Return the listing verbatim, images left out.
COLLECTED MATERIAL Start Marker
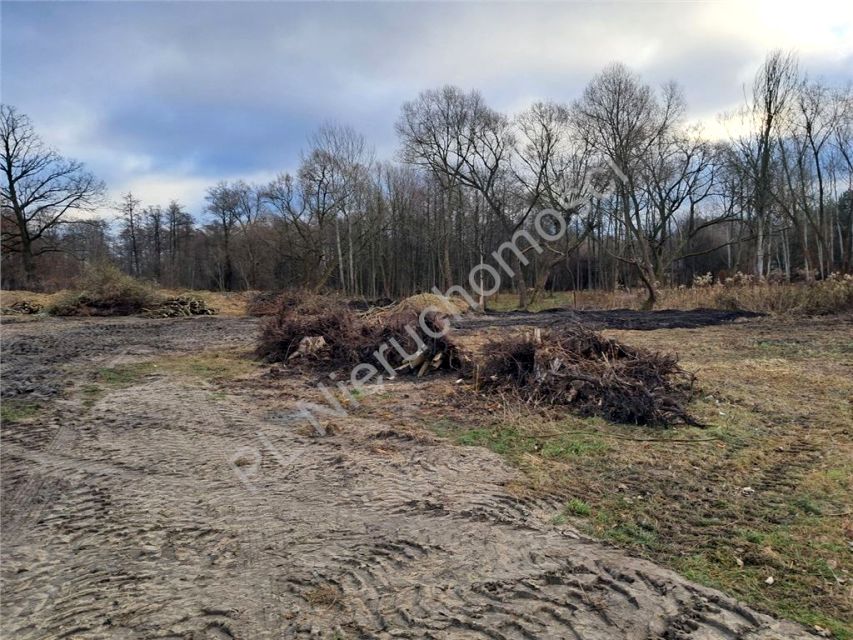 Działka Budy-Grzybek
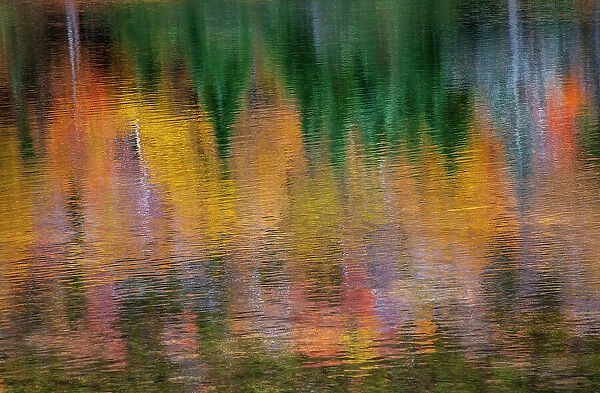 USA, New Hampshire, New England Fall colors reflected in the waters of the Saco River Crawford Notch State Park Date: 04-10-2013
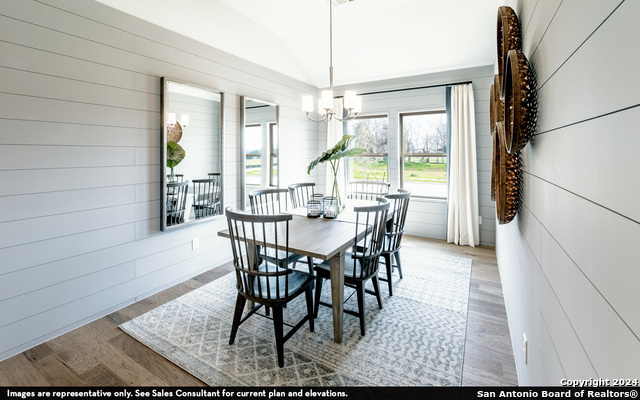 988 Gray Cloud, New Braunfels, Texas image 3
COLLECTED MATERIAL End Marker
ANSWER SPACE:
 Działka Budy-Grzybek
 USA, New Hampshire, New England Fall colors reflected in the waters of the Saco River Crawford Notch State Park Date: 04-10-2013
 988 Gray Cloud, New Braunfels, Texas image 3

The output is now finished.